All authors should have a business plan for every book they write, regardless of whether the author plans to self-publish or pursue traditional publication. In many cases, the business plan can even help to clarify the choice.
It’s also possible to write an overarching business plan for the author’s career–and authors should do this also–but a book-by-book plan keeps you focused on each release.
A “hard copy” business plan is best, but even thinking through the issues, and making a mental plan, can help the release succeed.
Today, we’re taking an overview look at author business plans and how to write them. In the weeks to come, we’ll look at each of the sections in more detail.
Traditional business plans have seven components:
- Executive summary
- Business description
- Market strategies
- Competitive analysis
- Design and development plan
- Operations and management plan
- Financial factors
The business plan for a book parallels this structure, with a few changes. Publishing analogues to (or clarifications of) traditional business plan categories differ slightly, but not so much that we need to leave that structure behind.
A couple of important notes at the outset:
The business plan is not a book proposal. The proposal is a tool non-fiction (and some fiction) authors use to sell a book “on spec” (before the book is written). By contrast, a business plan is the author’s personal (often private) “road map” for writing, marketing, publishing and promoting a work.
Let’s look at what each section of a successful one-book business plan should contain:
Traditional “Executive Summaries” contain a half-page synopsis and summary of a business plan. In many cases, they’re written last, or written first and revised when the rest of the business plan is complete. In the author’s one-book business plan, the executive summary will contain a one-paragraph description of the book itself, along with a description of its genre, target audience, current status and other “at-a-glance” relevant facts.
The Business Description (perhaps better renamed “book description”) contains a longer synopsis of the work – one page, or possibly two.
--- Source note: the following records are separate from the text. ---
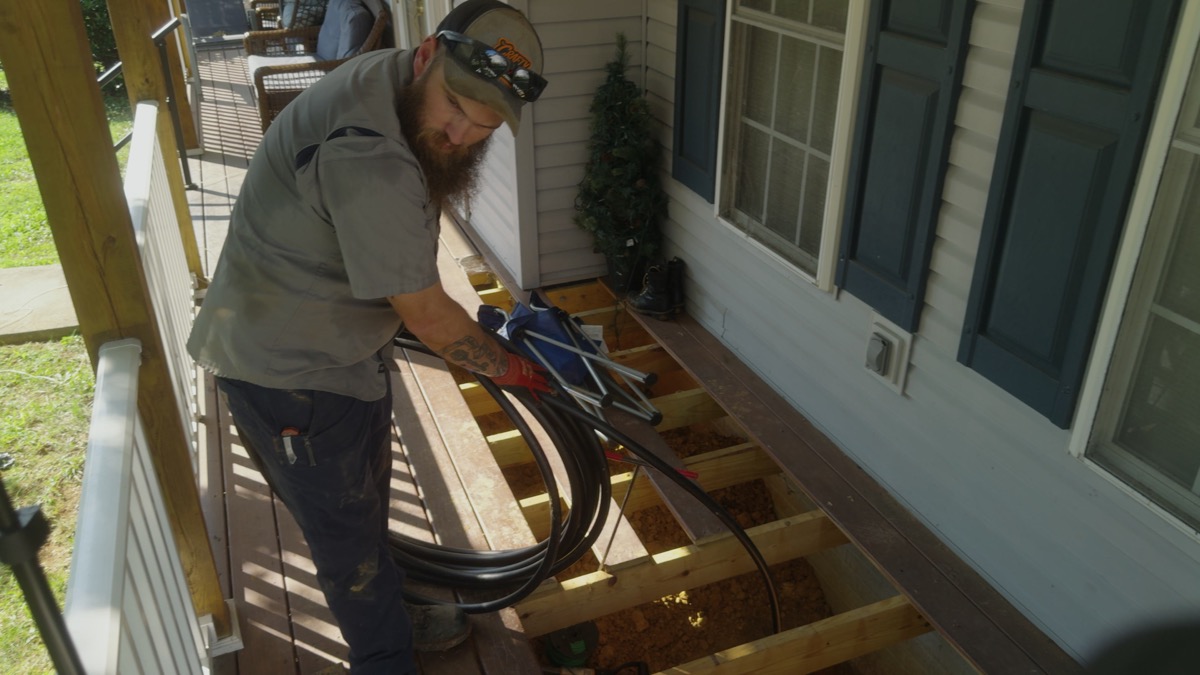 FOX crew member handling coiled black pipe beside an opened porch floor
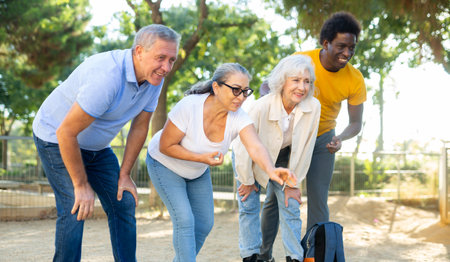 Carefree multiracial friends throwing metal balls on a sandy background in the parkの写真素材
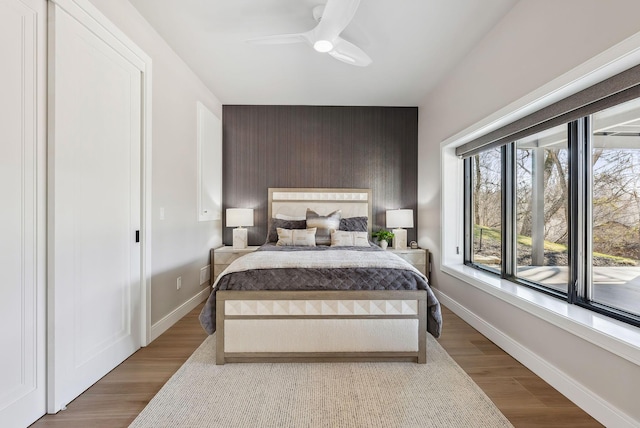 bedroom with a ceiling fan, an accent wall, baseboards, and wood finished floors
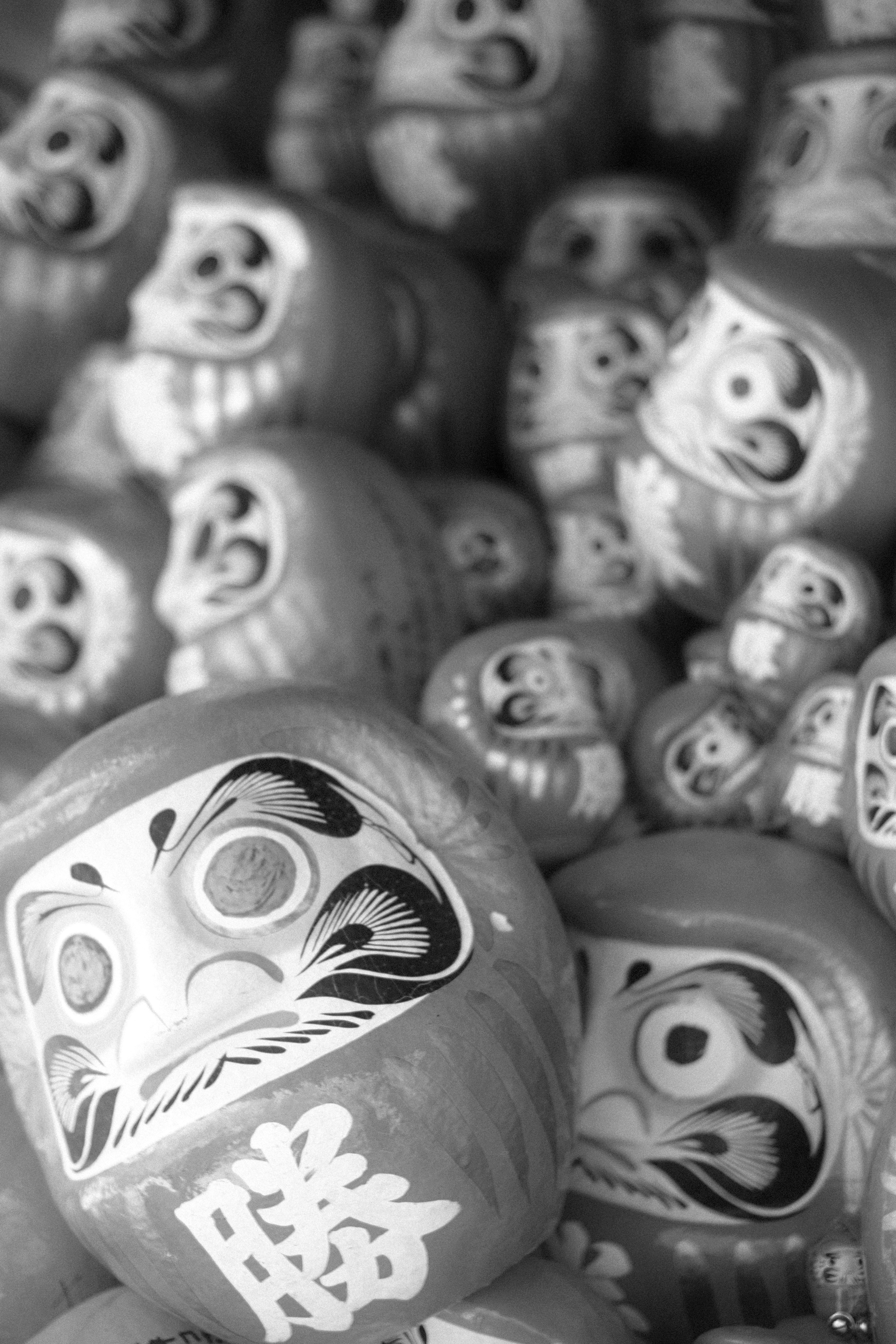 A cluster of Daruma dolls in black and white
The section on Marketing Strategies will normally contain three sub-sections or components: pre-release marketing, release week (or “around release”), and marketing efforts after the initial release publicity push.
A Competitive Analysis requires the author to look at competing or similar works in the marketplace, analyze why readers will (or should) want the author’s book instead, examine strategies the author can use to maximize advantages and minimize weaknesses, and acknowledge and address potential weaknesses in the work and the marketing plan.
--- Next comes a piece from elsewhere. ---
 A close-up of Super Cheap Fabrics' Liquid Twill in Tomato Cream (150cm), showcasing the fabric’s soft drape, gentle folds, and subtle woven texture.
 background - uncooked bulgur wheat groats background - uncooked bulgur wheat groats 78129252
The Development Timeline (a change from the traditional “design and development” label) includes multiple timelines. The first development timeline covers the writing process: the deadlines (contractual or self-imposed) for writing the book. Authors pursuing traditional publication but not yet represented by agents will want a plan and timeline for obtaining representation, whereas independent authors will need a timeline for the production and publishing process. Marketing and appearance timelines may also prove useful, especially for authors with complicated or busy schedules.
In a traditional business plan, the Operations and Management Plan describes which individuals (or corporate divisions) will handle specific parts of the business’s operations. In an author’s business plan, this section may be simple or very complex, depending on the level of organization the author needs and the amount of assistance he or she anticipates.
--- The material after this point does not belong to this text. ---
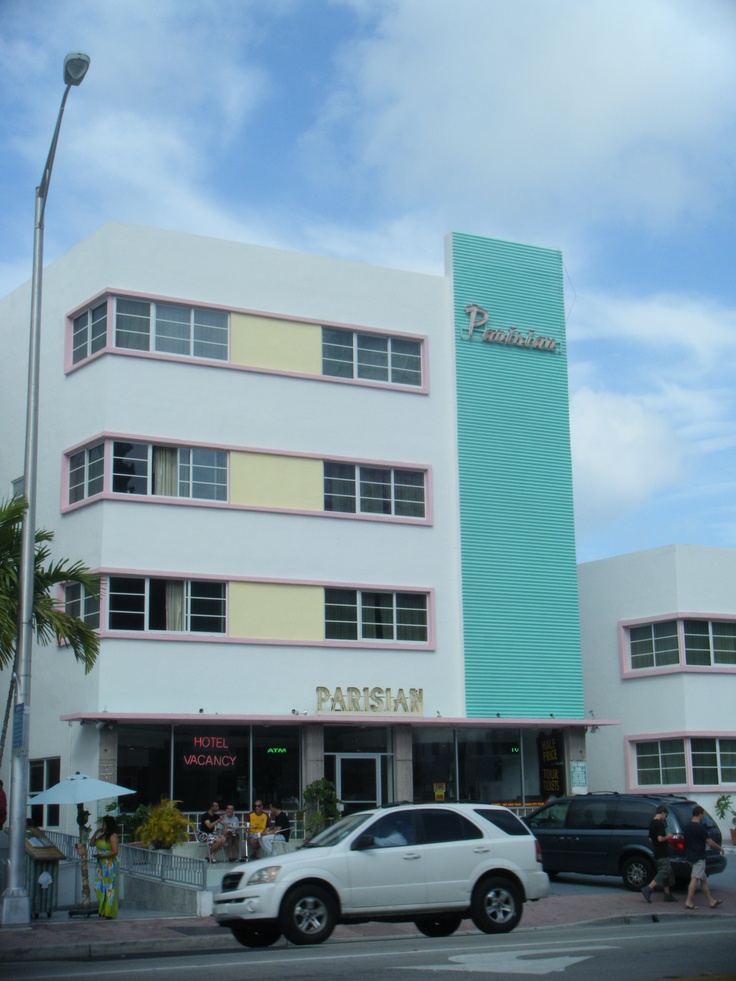 a white car parked in front of a building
Last but not least, the author’s business plan must consider various Financial Factors. As with Operations and Management, this may be simple or may be very complex. This is a good place to assemble information about the costs of publishing – traditional or independent – and to create a marketing and travel budget. Solid research here can help the author put valuable marketing dollars into places where they make a positive difference, rather than simply throwing money into a project without knowing whether or not results will follow.
In a panic? Don’t be! Business plans take work but they’re not as difficult as the bare facts make them seem.